- EUR/GBP added to Friday’s losses and edged lower for the second consecutive session.
- The optimism over the easing of COVID-19 restrictions in the UK underpinned the GBP.
- The euro benefitted from a subdued USD demand and helped limit losses for the cross.
The EUR/GBP cross maintained its offered tone through the first half of the European session and dropped to two-day lows, around the 0.8565 region in the last hour.
The cross witnessed some selling for the second consecutive session on Monday and extended the previous week's retracement slide from levels beyond the 0.8600 mark, or over two-week tops. The British pound's relative outperformance could be attributed to the optimism over the UK government's plan for the final step of easing COVID-19 restrictions.

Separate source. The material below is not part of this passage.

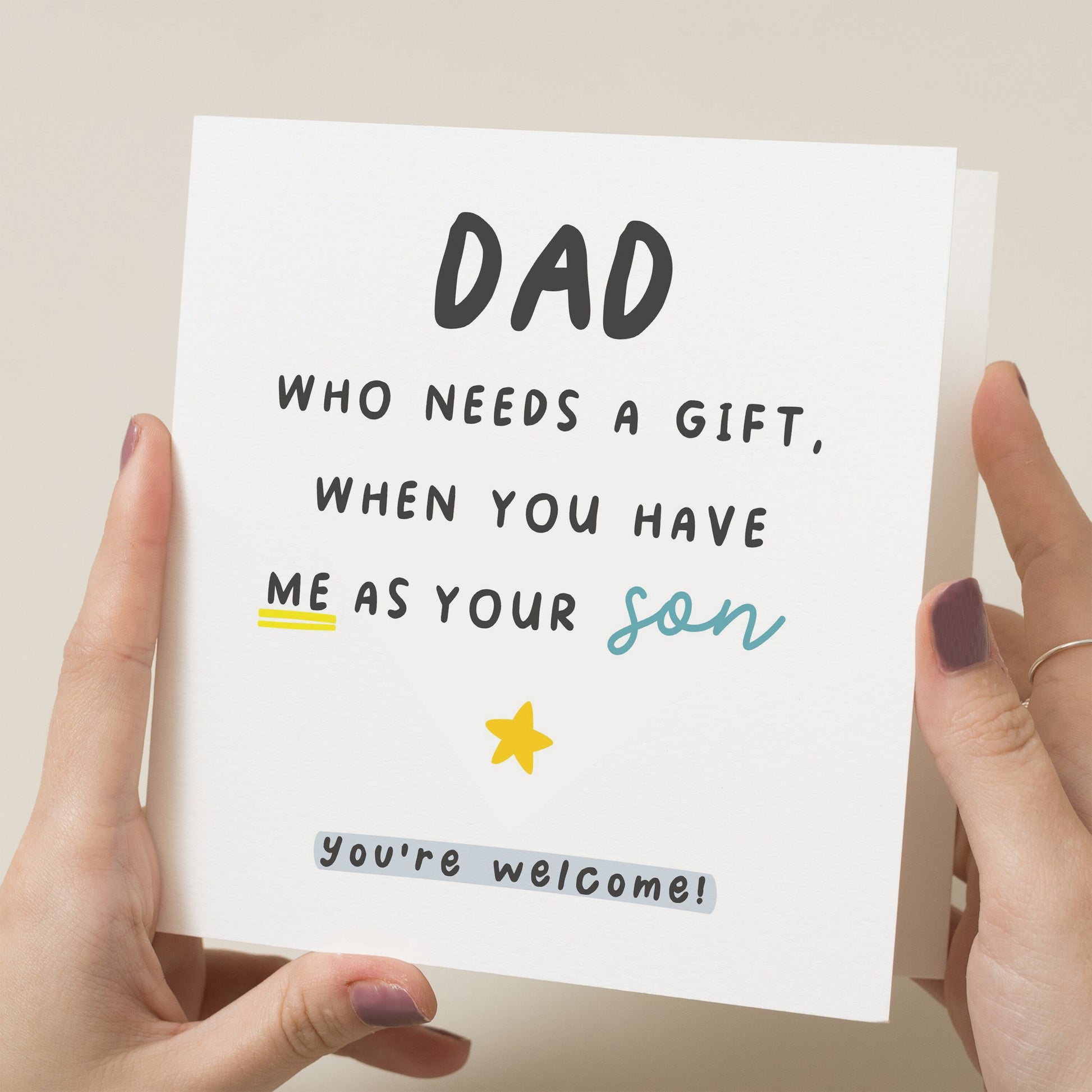 Funny Birthday Card For Dad, Dad Birthday Card, Dad Birthday Gift, Birthday Card For Him, From Son, Joke Birthday Card, For Dad, Daddy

In fact, UK Prime Minister Boris Johnson is preparing to lift most restrictions in England on July 19. The UK government has said that Johnson will outline the roadmap out of lockdown later this Monday. This, along with an upward revision of the UK Services PMI, acted as a tailwind for the sterling and exerted some downward pressure on the EUR/GBP cross.

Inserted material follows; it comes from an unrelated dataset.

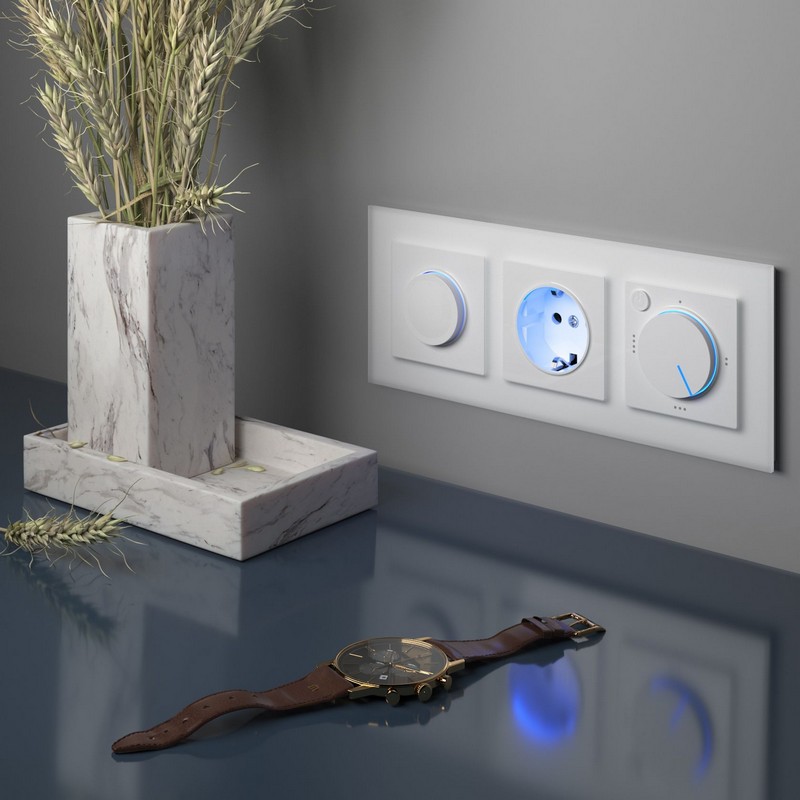 Werkel Белый механизмы Диммер Werkel с подсветкой (белый) W1142101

On the other hand, the shared currency benefitted from a subdued US dollar price action and seemed rather unaffected by softer Eurozone Sentix Investor Confidence. This, in turn, seemed to be the only factor that extended some support to the EUR/GBP cross and might help limit any deeper losses, warranting some caution before positioning for any further decline.
From a technical perspective, repeated failures near a two-month-old descending trend-line favour bearish traders and supports prospects for an extension of the ongoing depreciating move. Some follow-through selling below the 0.8565-60 region will reaffirm the negative outlook and turn the EUR/GBP cross vulnerable to challenge the key 0.8500 psychological mark.